It's tiny bug in SequenceFileRecordReader. A cast to float is needed here
return (in.getPosition() - start) / (end - start);
gives
return (in.getPosition() - start) / (float) (end - start);
As well as assigning start in the constructor:
this.start = split.getStart();
- Espen
(Sorry, about this not being a patch ... windoze ... arg)
Andrzej Bialecki wrote:
Andrzej Bialecki wrote:
Hi all,
Is it just me, or is there something strange with Hadoop since ~0.10
or thereabout .. With older version of Hadoop I would get a nice
often updated progress status for each map task. What I'm seeing now
is that map tasks stay at 0.0% and then finally jump to 100.0% and
finish. Consequently, for jobs with small number of long-running map
tasks, the progress update is very coarse.

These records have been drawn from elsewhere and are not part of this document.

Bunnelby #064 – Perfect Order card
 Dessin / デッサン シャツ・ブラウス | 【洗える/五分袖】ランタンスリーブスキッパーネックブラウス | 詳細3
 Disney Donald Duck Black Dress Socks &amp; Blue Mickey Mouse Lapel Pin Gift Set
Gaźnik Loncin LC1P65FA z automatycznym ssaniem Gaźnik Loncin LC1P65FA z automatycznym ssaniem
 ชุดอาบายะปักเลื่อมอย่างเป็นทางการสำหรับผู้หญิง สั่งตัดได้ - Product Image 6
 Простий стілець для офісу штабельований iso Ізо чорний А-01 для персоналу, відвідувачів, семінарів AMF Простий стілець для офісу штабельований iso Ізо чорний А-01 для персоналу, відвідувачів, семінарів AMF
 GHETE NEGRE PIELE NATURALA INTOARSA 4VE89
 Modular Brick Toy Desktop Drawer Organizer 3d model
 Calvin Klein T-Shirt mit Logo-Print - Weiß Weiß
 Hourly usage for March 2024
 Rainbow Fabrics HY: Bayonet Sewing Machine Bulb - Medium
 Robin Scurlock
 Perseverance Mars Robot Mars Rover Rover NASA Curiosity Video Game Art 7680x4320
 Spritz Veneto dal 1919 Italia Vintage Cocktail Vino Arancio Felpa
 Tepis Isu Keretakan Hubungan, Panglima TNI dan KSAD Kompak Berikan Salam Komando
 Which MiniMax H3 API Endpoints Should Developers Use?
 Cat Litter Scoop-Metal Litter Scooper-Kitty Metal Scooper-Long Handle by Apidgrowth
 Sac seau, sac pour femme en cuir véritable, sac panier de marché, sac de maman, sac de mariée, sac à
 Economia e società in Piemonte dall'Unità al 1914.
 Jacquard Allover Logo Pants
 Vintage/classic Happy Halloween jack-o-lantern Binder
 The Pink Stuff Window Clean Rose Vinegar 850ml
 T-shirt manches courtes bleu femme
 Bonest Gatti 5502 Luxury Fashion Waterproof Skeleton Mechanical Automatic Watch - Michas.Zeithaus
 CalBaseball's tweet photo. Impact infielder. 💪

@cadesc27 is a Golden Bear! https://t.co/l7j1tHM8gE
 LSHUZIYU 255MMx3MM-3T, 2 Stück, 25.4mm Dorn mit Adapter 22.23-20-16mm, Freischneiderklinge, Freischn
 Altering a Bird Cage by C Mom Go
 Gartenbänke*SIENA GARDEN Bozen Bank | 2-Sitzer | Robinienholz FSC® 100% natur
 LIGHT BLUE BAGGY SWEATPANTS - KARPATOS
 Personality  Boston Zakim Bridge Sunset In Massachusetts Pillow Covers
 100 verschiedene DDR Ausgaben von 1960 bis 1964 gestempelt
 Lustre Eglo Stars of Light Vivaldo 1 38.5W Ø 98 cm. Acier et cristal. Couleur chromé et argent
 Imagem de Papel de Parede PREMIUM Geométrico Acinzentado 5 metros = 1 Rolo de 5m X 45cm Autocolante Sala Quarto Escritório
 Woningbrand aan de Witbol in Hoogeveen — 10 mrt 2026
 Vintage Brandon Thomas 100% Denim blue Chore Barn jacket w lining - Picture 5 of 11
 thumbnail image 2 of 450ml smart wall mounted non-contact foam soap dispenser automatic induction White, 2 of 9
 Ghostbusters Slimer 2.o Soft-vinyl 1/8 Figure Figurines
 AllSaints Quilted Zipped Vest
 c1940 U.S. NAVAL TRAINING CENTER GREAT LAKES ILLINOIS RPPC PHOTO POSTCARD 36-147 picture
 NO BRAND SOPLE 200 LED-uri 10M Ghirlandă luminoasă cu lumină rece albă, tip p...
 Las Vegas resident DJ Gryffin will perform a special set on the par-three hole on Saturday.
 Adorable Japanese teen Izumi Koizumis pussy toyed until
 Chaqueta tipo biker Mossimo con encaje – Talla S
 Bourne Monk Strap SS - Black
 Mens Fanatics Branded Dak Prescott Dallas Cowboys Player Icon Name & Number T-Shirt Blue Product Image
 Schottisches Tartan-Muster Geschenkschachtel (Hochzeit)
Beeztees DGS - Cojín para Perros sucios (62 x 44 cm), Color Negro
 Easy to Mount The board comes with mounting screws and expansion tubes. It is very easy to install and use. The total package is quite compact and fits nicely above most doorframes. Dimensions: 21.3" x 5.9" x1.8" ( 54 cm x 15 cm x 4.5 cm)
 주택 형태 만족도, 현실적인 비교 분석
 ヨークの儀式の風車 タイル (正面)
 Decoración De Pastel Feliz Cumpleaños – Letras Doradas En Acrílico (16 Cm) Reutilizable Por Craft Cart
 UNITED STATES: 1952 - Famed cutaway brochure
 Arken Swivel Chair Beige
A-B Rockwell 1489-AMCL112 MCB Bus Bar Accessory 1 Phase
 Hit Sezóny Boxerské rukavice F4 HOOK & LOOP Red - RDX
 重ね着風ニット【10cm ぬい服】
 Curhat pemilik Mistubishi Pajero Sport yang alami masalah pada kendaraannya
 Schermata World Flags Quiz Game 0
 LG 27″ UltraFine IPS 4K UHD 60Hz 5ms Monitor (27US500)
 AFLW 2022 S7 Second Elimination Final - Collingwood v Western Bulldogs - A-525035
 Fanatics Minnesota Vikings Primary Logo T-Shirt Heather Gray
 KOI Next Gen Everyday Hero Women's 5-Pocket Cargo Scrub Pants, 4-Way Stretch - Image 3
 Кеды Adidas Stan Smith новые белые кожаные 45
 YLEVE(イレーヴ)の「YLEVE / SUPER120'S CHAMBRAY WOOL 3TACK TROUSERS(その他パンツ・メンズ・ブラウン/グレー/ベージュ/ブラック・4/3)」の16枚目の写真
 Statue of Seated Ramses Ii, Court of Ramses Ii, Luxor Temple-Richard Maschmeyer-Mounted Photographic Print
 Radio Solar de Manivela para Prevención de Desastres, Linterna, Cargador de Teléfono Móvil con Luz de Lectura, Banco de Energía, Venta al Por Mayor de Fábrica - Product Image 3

As I understand, this progress meter (in absence of map tasks
explicitly setting the progress) was based on the RecordReader
reporting of how much of the current split has been read. Is this
something that got broken on the way? If not, what's the reason for
this, and how to fix it?
Does anyone have a suggestion about this problem? It's rather
irritating - long-running tasks seem to be stuck at 0%, and only jump
to 100% at the end of the task. This happens with 0.11.2 as well.